A partir das frases fui-me lembrando do resto do sonho. Enfim, não do sonho completo. Mas da parte que relato acima. 

No início de abril vivi um sonho ainda mais curioso, e que agora me parece estranhamente ligado ao de Bernardo Soares. Sonhei que numa grande praça de Madri aparecia uma frase escrita no céu, como se fosse uma nuvem, ou a bruma produzida pelo respirar de alguém no ar gelado: “Todo habla!” (“tudo fala!).

A partir dessa altura começaram a aparecer palavras ou frases breves escritas no céu, um pouco por todo o mundo. Eventualmente, era possível comunicar-se com quem quer que estivesse escrevendo aquelas palavras. “Quem és tu?”, perguntei, ao abrir os olhos, numa praia, e descobrir acima das largas folhas verdes das palmeiras a palavra “Escutem”. E a entidade respondeu: “Somos vocês!”

Na lógica interna do sonho, quem se comunicava conosco era o próprio vírus, ou talvez a entidade responsável pela sua existência.

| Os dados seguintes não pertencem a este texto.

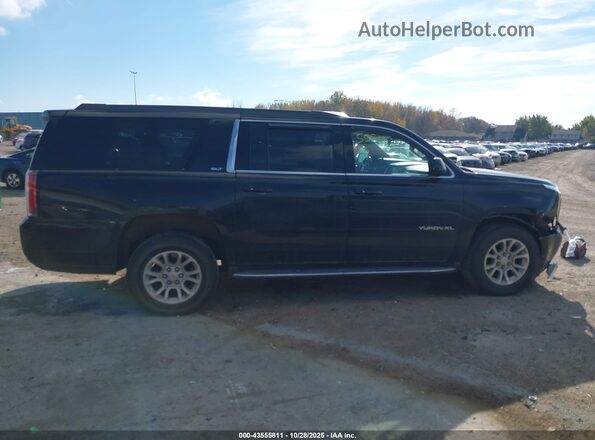 1GKS2GKC7LR205872 2020 GMC YUKON Black Widok wnętrza z tyłu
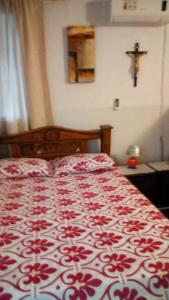 a bedroom with a red and white bed with a cross on the wall at Green Sea Villa Helen Inn, Kilometer 4 Circunvalar in La Loma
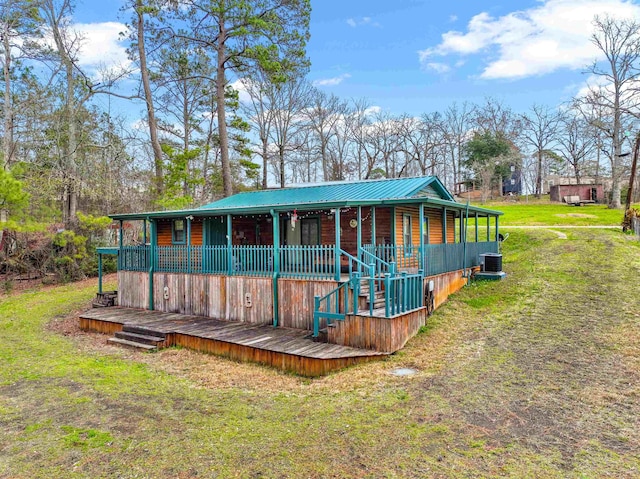 back of property with central AC unit, a porch, and a yard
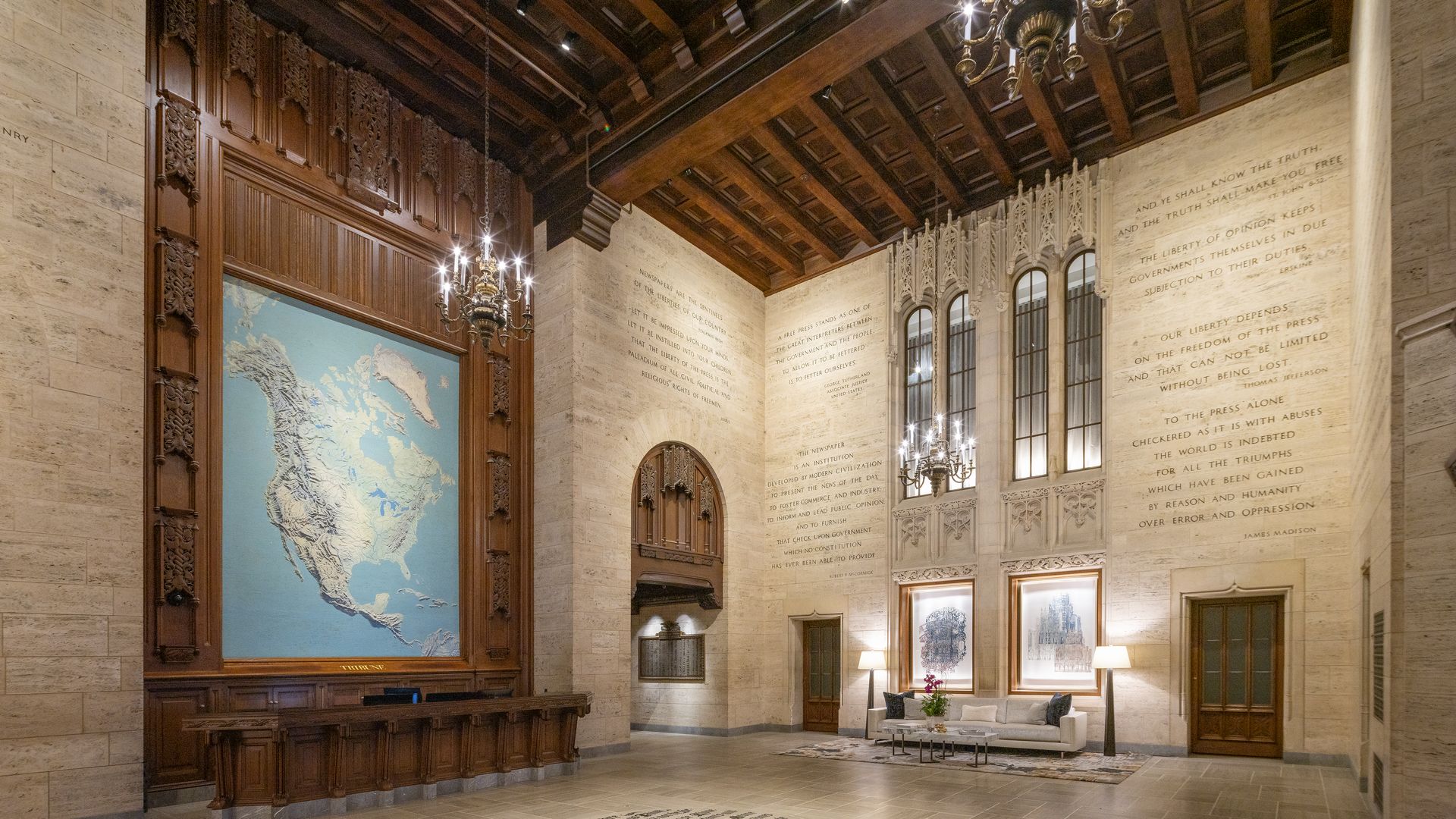 Photo of a lobby with a map and quotes on the wall 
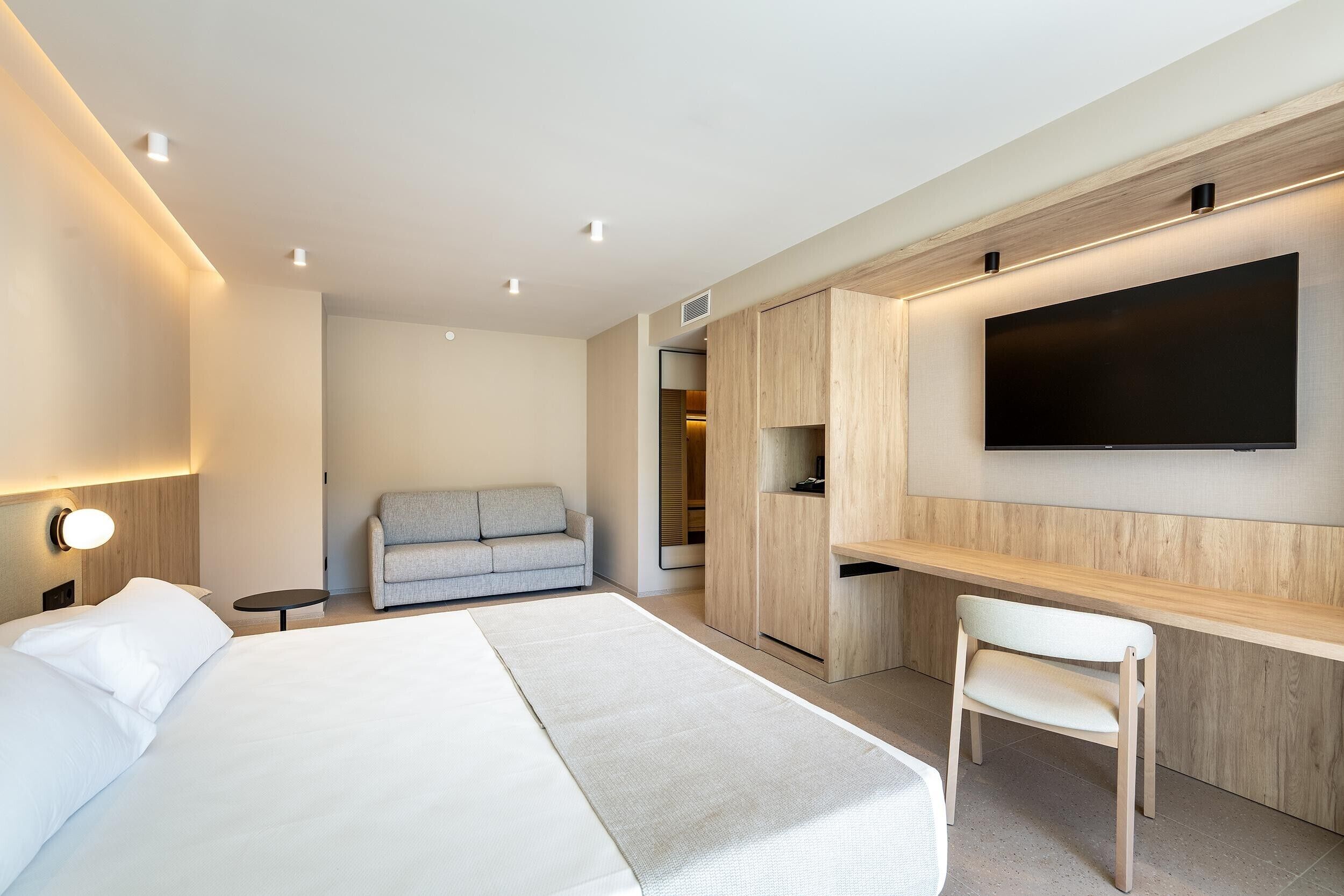 Una habitación de hotel moderna con cama, sofá, escritorio y televisión.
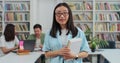 Portrait of smart beautiful young asian girl in glasses holding book in library bookshelf background looking at the Royalty Free Stock Photo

Suspeito que Bernardo Soares me apareceu no segundo sonho para me ajudar a compreender o primeiro. Se eu não tivesse anotado as frases, ou se não tivesse encontrado o papel onde tomei as notas, teria perdido todo o sonho. Inquieta-me pensar que isso pode ter sucedido e eu nunca conseguirei saber o fim. Em todo o caso, fico com a terrível impressão de que os meus sonhos, tentando explicar a realidade, são mais credíveis do que esta. 

Ora, quase sempre aquilo que nos parece claro e coerente durante um sonho se revela, no momento em que despertamos, ridiculamente absurdo. Se nos fosse possível (talvez seja) despertar da realidade em que vivemos para uma outra, um grau acima desta, isto é, mais lúcida do que esta, provavelmente experimentaríamos um idêntico sentimento. O problema é quando as fronteiras entre sonho e realidade se começam a esbater.

Mau, mau mesmo, é quando os sonhos nos parecem mais lúcidos do que a realidade. Ou é a realidade que está se desmanchando — ou somos nós.